Coal producers are facing large losses on their future delivery contracts with power plants following a government cap of 5 percent on any increases on last year's agreed prices.
"The cost of mining is pretty high with a deficit of 45 yuan ($7.11) per ton," a manager at coal company Hebei Kailuan Group was quoted as saying by Economy and Nation Weekly, a magazine affiliated with Xinhua News Agency. "If we sign contracts according to the National Development and Reform Commission's (NDRC) latest requirement, we could only increase the price on contracted delivery by 15 yuan per ton, leaving us with a deficit of 30 yuan per ton."
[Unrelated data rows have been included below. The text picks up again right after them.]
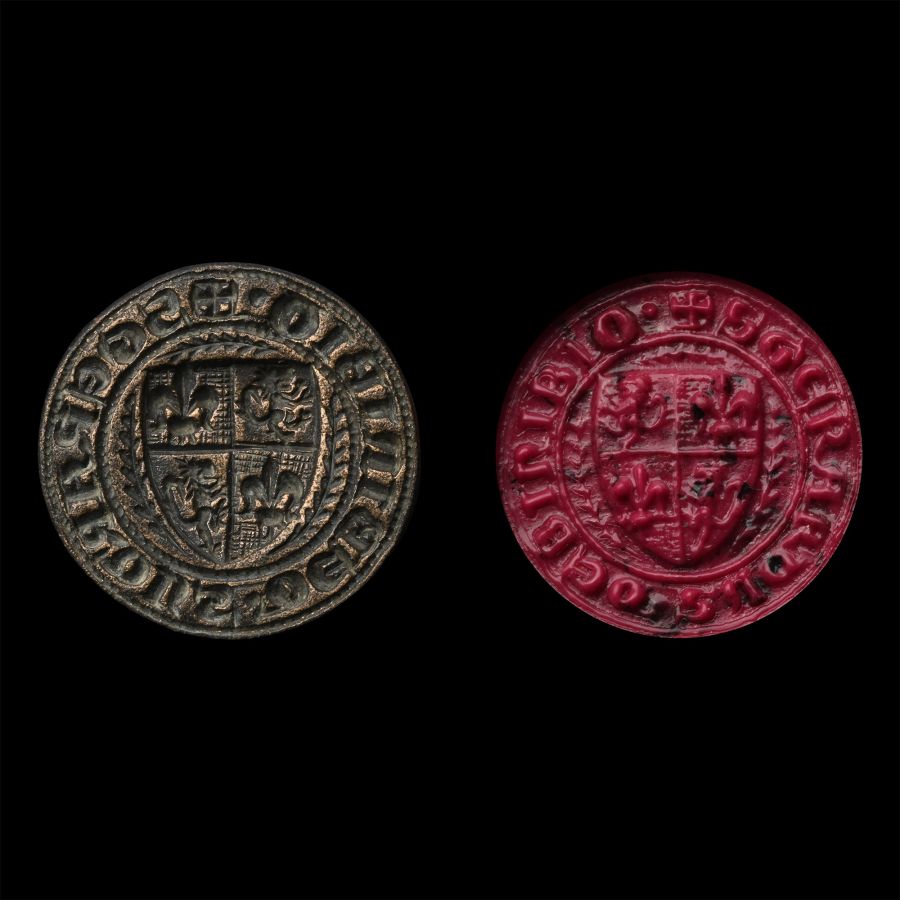 Medieval Bronze Heraldic Personal Seal Matrix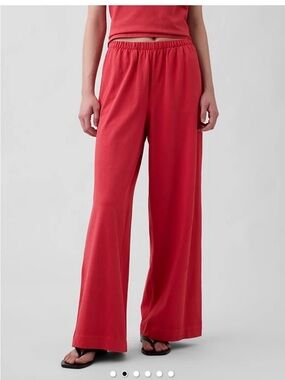 GAP Wide-Leg Pull-On Pants in Chakra Red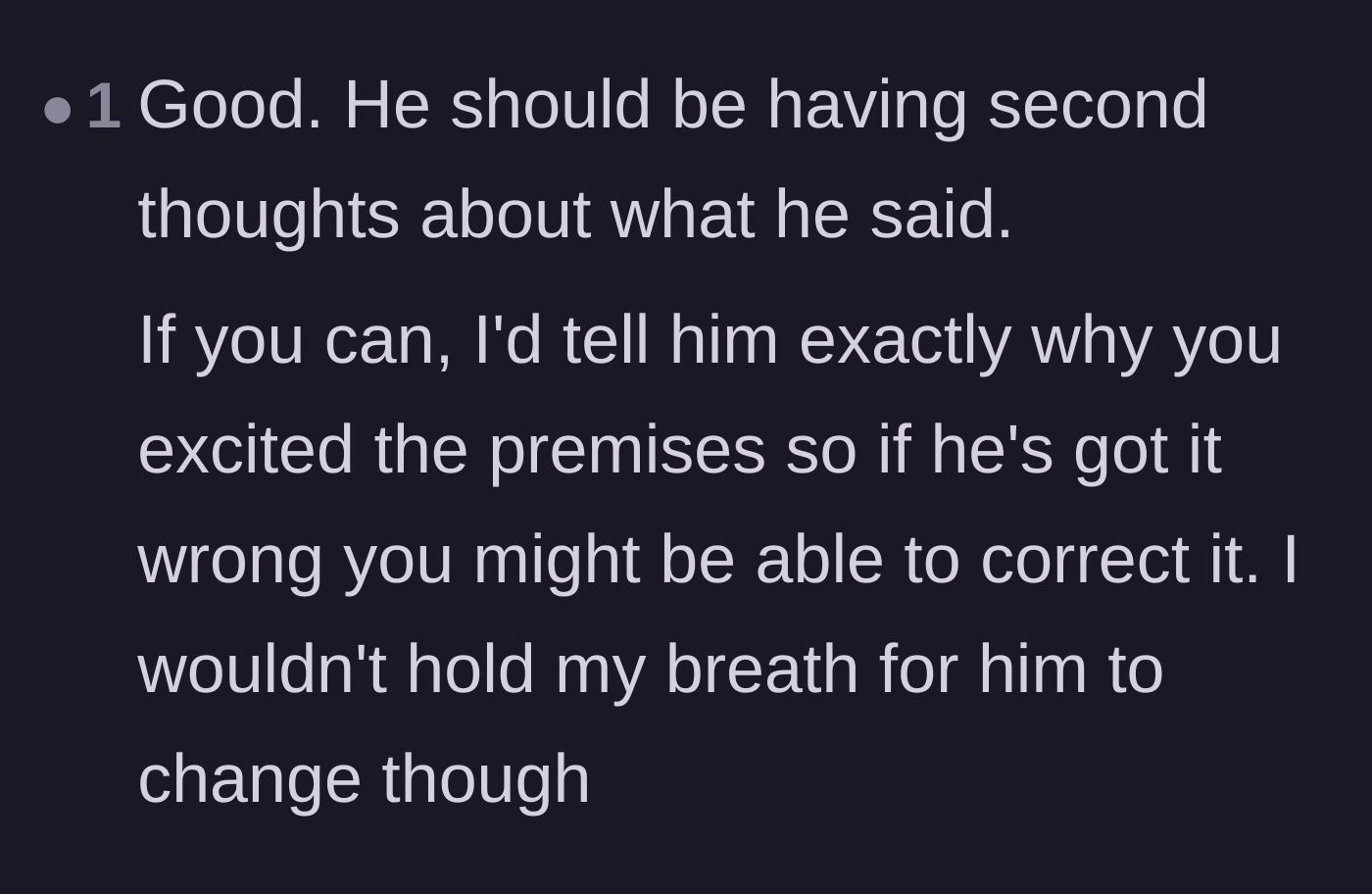 Comment thread 4 - Advice suggesting the main character explicitly explain why they left the room to encourage the stepdad's self-reflection.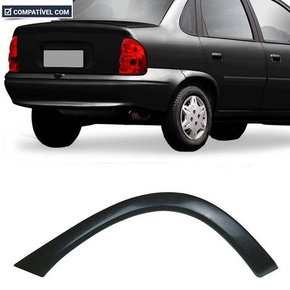 Moldura Paralama Traseiro Corsa Sedan Wagon 96 a 10 Preto Liso Direito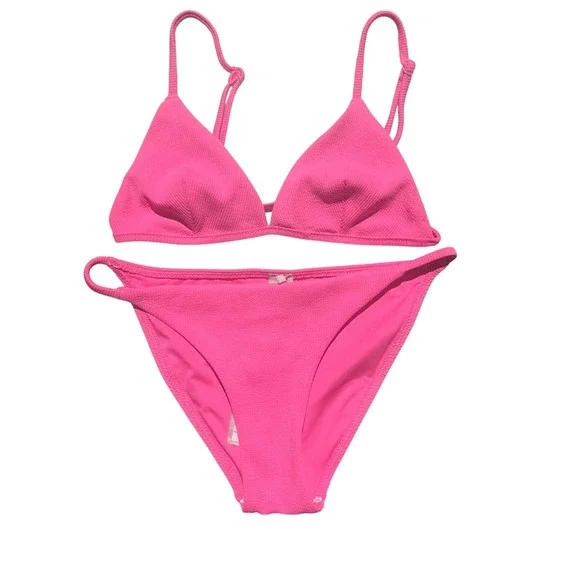 Oysho Pink Textured Triangle Bikini Set Classic Brief Small
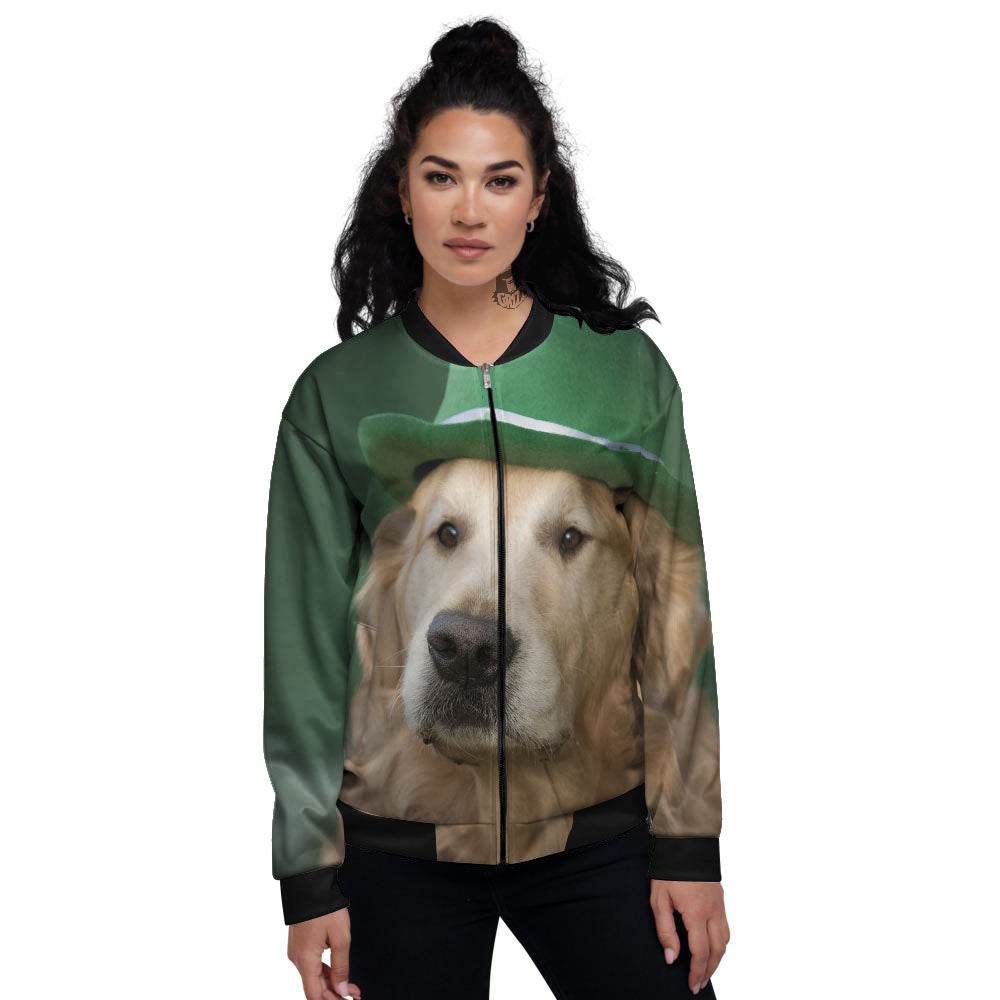 Golden Retriever Patrick's Day Print Women's Bomber Jacket-grizzshop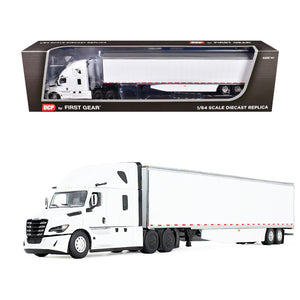 Freightliner Fifth Generation Cascadia Raised Roof Sleeper & 53' Utility Trailer with Skirts White 1/64 Diecast Model by DCP/First Gear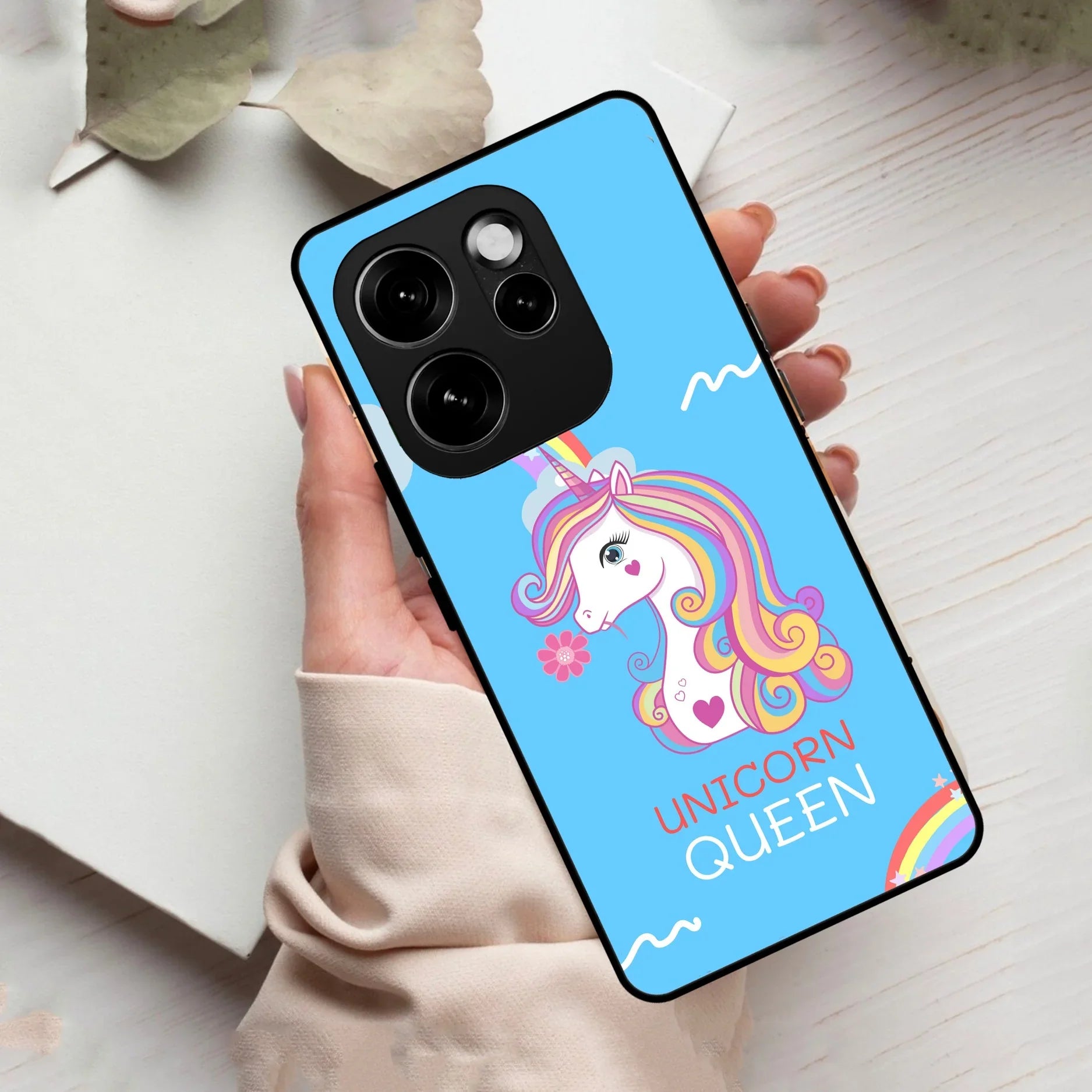 Blue Unicorn Queen Glass Phone Case For Oppo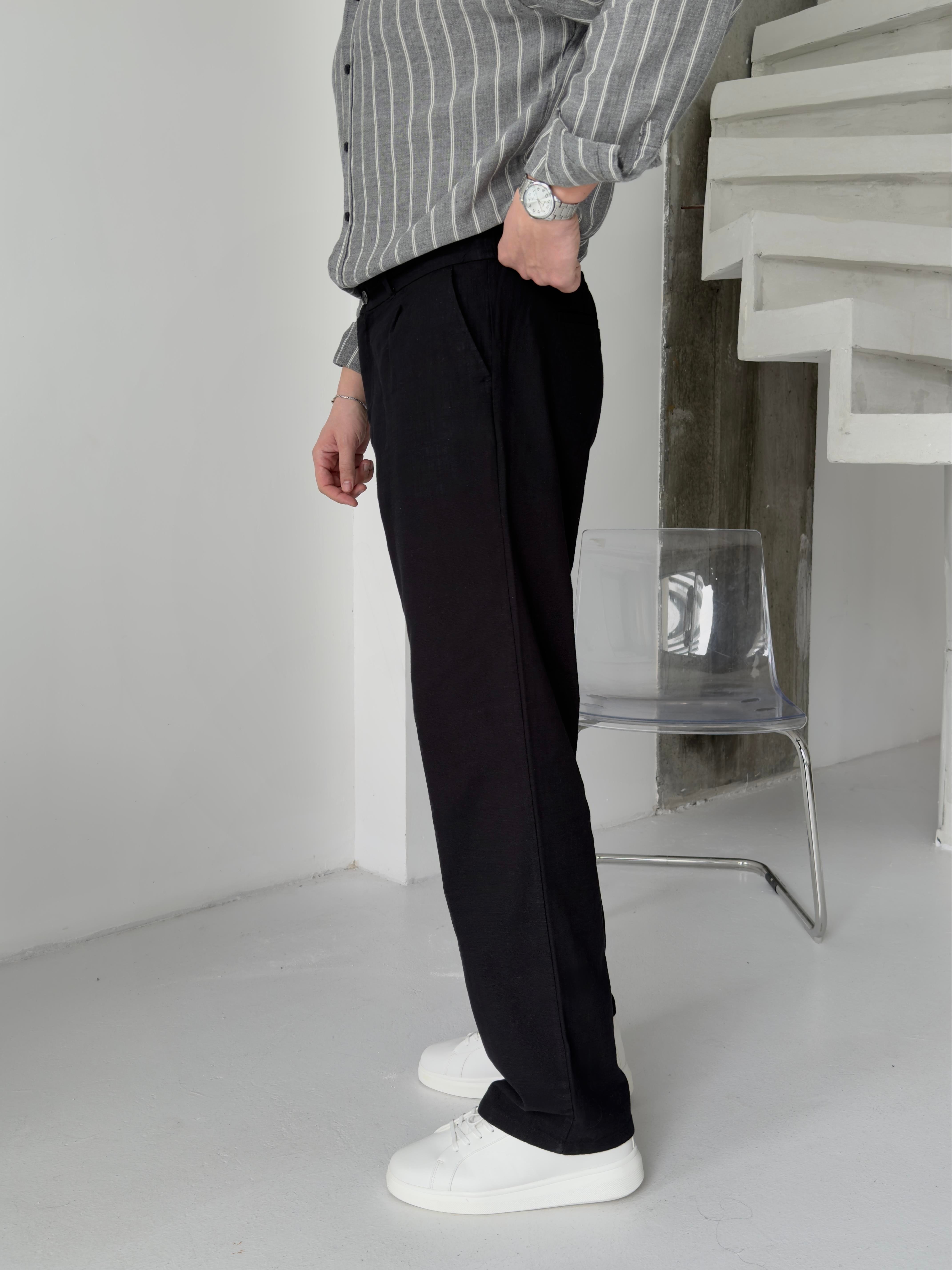 Orjinal Keten Siyah Baggy Pantolon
To offset the losses, many coal companies in Anhui and Shanxi provinces are requiring power plants to agree to purchase spot coal at above market rates in return for signing future delivery contracts.
An example is Datong Coal Mining Group, which is requiring power plants to agree to purchase spot coal at 10 percent higher than the market price when they sign future delivery contracts, at a ratio of three tons under the spot agreement for every one ton under the future agreement.
Analysts have said the new price cap on future delivery coal contracts will push more coal producers to default on their delivery agreements this year.
"The price gap between spot and contract coal was more than 250 yuan per ton last year, and more than half the coal companies defaulted on their contract delivery agreements," Lin Boqiang, director of the China Center for Energy Economic Research at Xiamen University, told the Global Times. "With the new price cap this year, coal companies are complaining about even more profits loss."
Liu Dongna, an analyst at Chem99, told the Global Times that a reduction in the amount of rail freight capacity allocated to coal this year will also exacerbate the problem.
"Last year, the average spot coal price increased by 20 to 30 percent, and this year will continue increasing at a faster pace," he said. "The reduced rail capacity allocation makes an increase in the contract default rate very likely."
On January 4, NDRC announced it was allocating rail capacity to transport 834.6 million tons of coal this year, down from last year's 932 million tons.